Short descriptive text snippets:
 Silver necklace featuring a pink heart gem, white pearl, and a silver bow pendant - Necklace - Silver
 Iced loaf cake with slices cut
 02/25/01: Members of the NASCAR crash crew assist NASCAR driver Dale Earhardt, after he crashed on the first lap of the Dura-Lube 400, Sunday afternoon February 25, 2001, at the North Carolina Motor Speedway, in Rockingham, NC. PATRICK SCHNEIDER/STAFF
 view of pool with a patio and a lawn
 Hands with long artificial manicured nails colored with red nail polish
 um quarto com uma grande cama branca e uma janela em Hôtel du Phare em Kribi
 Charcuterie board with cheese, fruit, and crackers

Action item:
Copy, please, every line from the start of the entries down to the line that holds "02/25/01: Members of", with both of those lines included and no others.

Written response:
 Silver necklace featuring a pink heart gem, white pearl, and a silver bow pendant - Necklace - Silver
 Iced loaf cake with slices cut
 02/25/01: Members of the NASCAR crash crew assist NASCAR driver Dale Earhardt, after he crashed on the first lap of the Dura-Lube 400, Sunday afternoon February 25, 2001, at the North Carolina Motor Speedway, in Rockingham, NC. PATRICK SCHNEIDER/STAFF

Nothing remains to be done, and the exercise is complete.